11-13 maj 2007 r.

Dni skupienia w Zakrzowie  na temat spowiedzi, pt. „Powrót syna marnotrawnego”. Świętowaliśmy także 30-to lecie małżeństwa Eli i Piotra. W czasie rekreacyjnym panowie (i nie tylko), na czele z ks. Kazimierzem rozegrali mecz piłki nożnej.

Ze wspomnień II kręgu:

Do Zakrzowa mój mąż pojechał sam. Robiłam wtedy oprócz pracy dodatkowe studia, nauka była w weekendy,akurat w tym czasie co wyjazd na dni skupienia wypadły egzaminy… Żałowałam, ale bez wielkiej rozpaczy. Wspomnienie poprzednich dni skupienia zbladło, a z pozostałymi małżeństwami wciąż nie czułam się zintegrowana. Szczerze mówiąc ciągle miałam wątpliwości, czy ta droga jest dla mnie właściwa, czy to akurat ta forma kontaktu z Bogiem o którą mi chodzi.

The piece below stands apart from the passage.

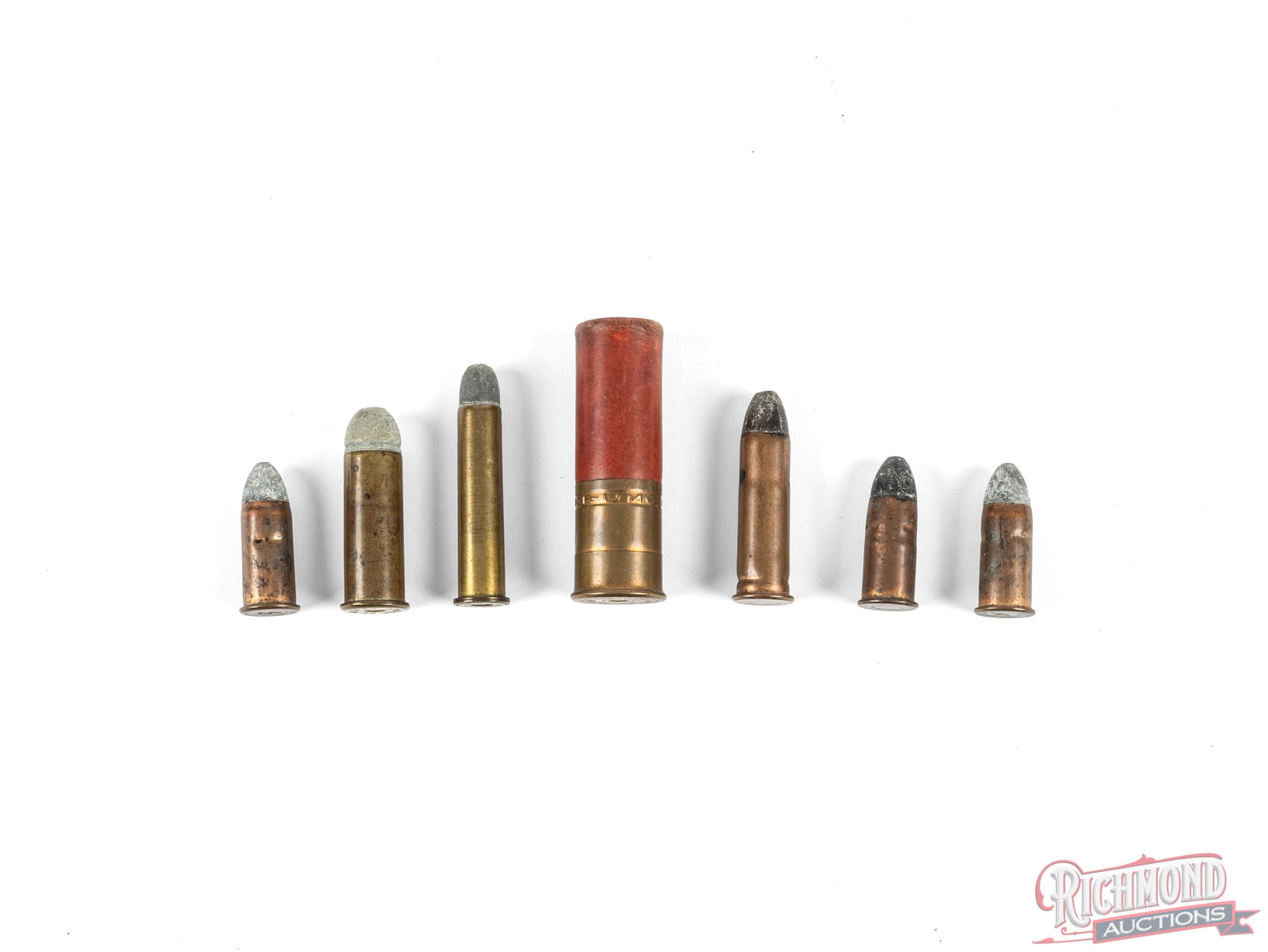 Lot of 7 Vintage Cartridges And Shells Including 8 ga, 56-50 Spencer, And More: This lot contains 7 various vintage cartridges and shells. Included is a Remington UMC 8 gauge Arrow shell, a WRA Co 58 Musket cartridge, a WRA Co marked 45-70 cartridge, and unmarked cartridge that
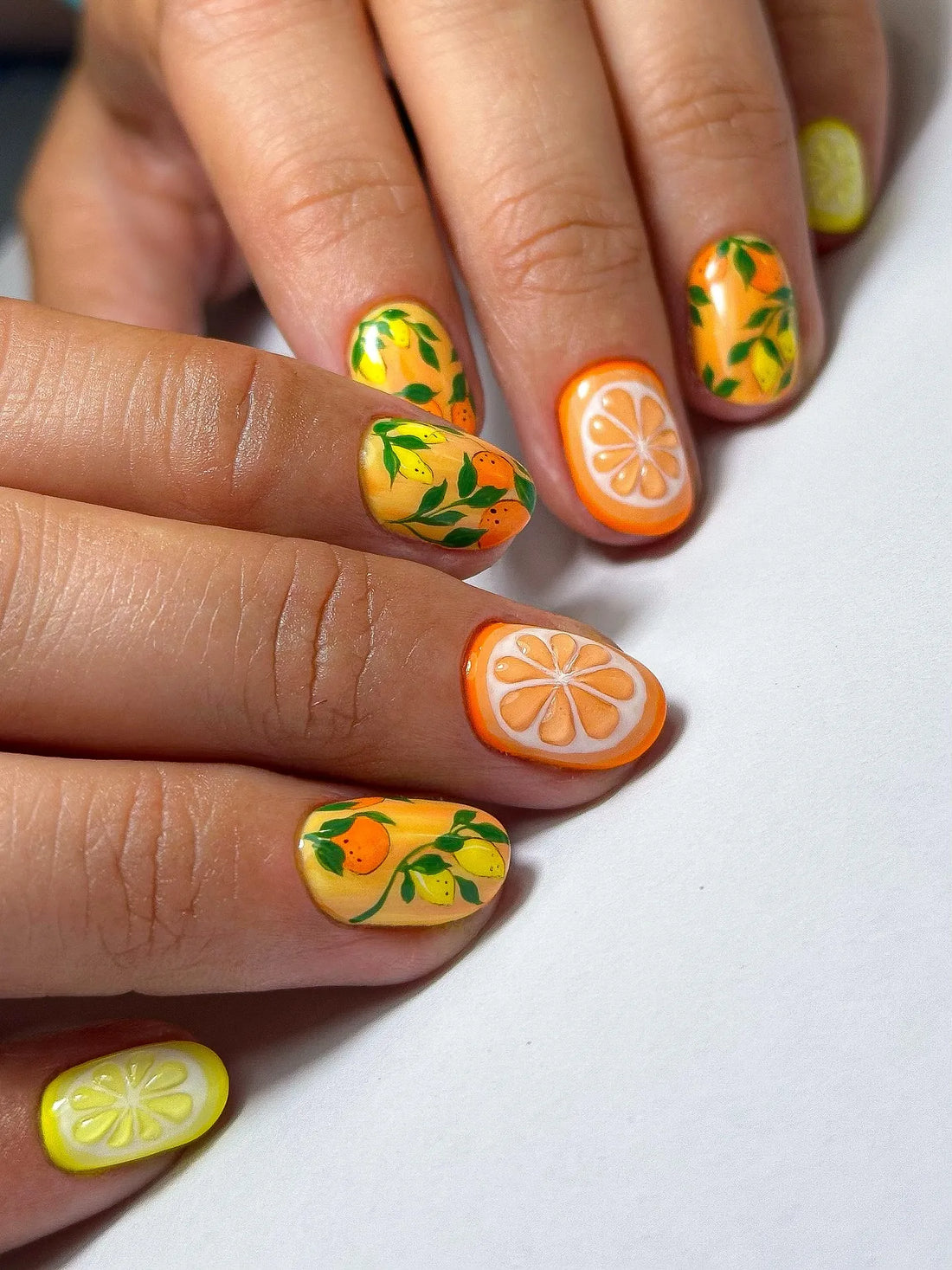 Hand with handmade press-on nails featuring citrus lemon and orange fruit garden art design.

Krzyś wrócił z Zakrzowa jak nawiedzony. Ja mu o egzaminach, a on o modlitwie małżeńskiej. Byłam taka zmęczona i rozdrażniona, pełna wrażeń – niekoniecznie pozytywnych, a on zamiast słuchać  o tym co dla mnie istotne usiłował opowiadać swoje. „Później. Opowiesz mi o tym później…” Bez sensu. Później to już nie było to. Jak ja się wyspałam, to Krzysiek stracił rozpęd i pozostał mu tylko żal, że mnie tam nie było. A mnie też było żal, że już niewiele potrafił przekazać, że nie słuchałam wtedy, gdy chciał opowiadać.

(Szkoda wielka, że Ela nie mogła być ze mną, z nami, szkoda i strata nie do odrobienia… bo było tak pięknie i duchowo i pogodowo – ognisko i wycieczka na Chełm i Anioł Pański po drodze. dop. K).